Ex-coach Terry Bowden, a college football analyst for ABC, said even if Dodge is successful, he is unlikely to start a trend of programs hiring high school coaches.

"There are a lot of things involved in being a head coach in college that have nothing to do with X's and O's," said Bowden, who was a quarterbacks coach under Faust for one season. "There is no on-the-job training. You better know what you are doing from day one. You better have a 12-month calendar. You better have a short list and a long list of assistant coaches. You better understand recruiting. And you better have a good handle on what you are going to do once you have the job."

Although Dodge insists he never wanted to be more than a high school coach, he has prepared for this moment for more than 25 years. He was a starting quarterback at Texas, where he played from 1981-85, and ranks ninth in career yards and touchdown passes in the Longhorns' record book.

He spent nearly 20 years as a high school coach, the last 13 as a head coach. Dodge also was the passing game coordinator at North Texas in 1992-93. He tutored quarterback Mitch Maher, who has more passing attempts, completions and yards than any quarterback in North Texas history.

His career skyrocketed in the last five years at Southlake Carroll. Even former Cowboys coach Bill Parcells came calling, considering Dodge as a possible NFL assistant.

One reason Dodge might be ready is because Southlake Carroll is a decent approximation of a small college program, Texas coach Mack Brown said.

Dodge is accustomed to dealing daily with the media. His teams played on national TV. More than 46,000 people were in Texas Stadium for a second-round playoff game last year.

The expectations in Southlake were sometimes "out of kilter," Dodge said. Dodge might find less pressure at North Texas, Brown said.

"He doesn't have to go to the grocery store and know mama's mad because her son's not getting touches on Friday night," Brown said.

North Texas is a football afterthought in Texas, despite four straight trips to the New Orleans Bowl from 2001-04. The school dropped out of Division I-A after the 1982 season, not to return until 1995. North Texas lost 18 games in 2005 and 2006. Last season, the team averaged about 15,600 fans at five home games.

But Dodge has made them intriguing. Season ticket sales and booster club donations are each up about 80 percent.

Some will show up to see an innovative offensive coach whose system could provide a shortcut to success. Dodge's teams run a no-huddle spread with four wide receivers, a running back and a dual-threat quarterback.

Brown, who recruited Dodge's son, said Dodge's offense could hasten a North Texas turnaround.

"The system that he runs is a system that will get you there faster," Brown said. "You can find receivers and quarterbacks and smaller running backs to fit that system faster than you can find big strong linemen to run over somebody."

The best advice might come from those who have been there. Faust said he made two major miscalculations at Notre Dame: He didn't have the right chemistry with his staff and he wasn't tough enough on players because he thought they'd be more mature than high school players.

Jim Bradley, who went from a high school job to New Mexico State in the 1970s, echoed those remarks.

"The trust and the loyalty is more important sometimes than knowledge" when it comes to assistants, Bradley said.

On both accounts, Dodge said he is prepared.
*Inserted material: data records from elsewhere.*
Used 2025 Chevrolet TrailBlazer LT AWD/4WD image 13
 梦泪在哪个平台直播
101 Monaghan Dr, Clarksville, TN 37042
Four of his nine assistants, including both coordinators, were with him at Southlake Carroll. And he feels more responsible for his college players, who require more attention, he said, than high school players.

Faust said he is rooting for Dodge to succeed in hopes that others might roll the dice with high school coaches. And the old Notre Dame coach had a few final pieces of advice for the latest coach to make the leap.

"I'd tell him, 'Don't change, just because you're going from one level to another,' " Faust said. "And recruit quality kids. You don't win too often with bums."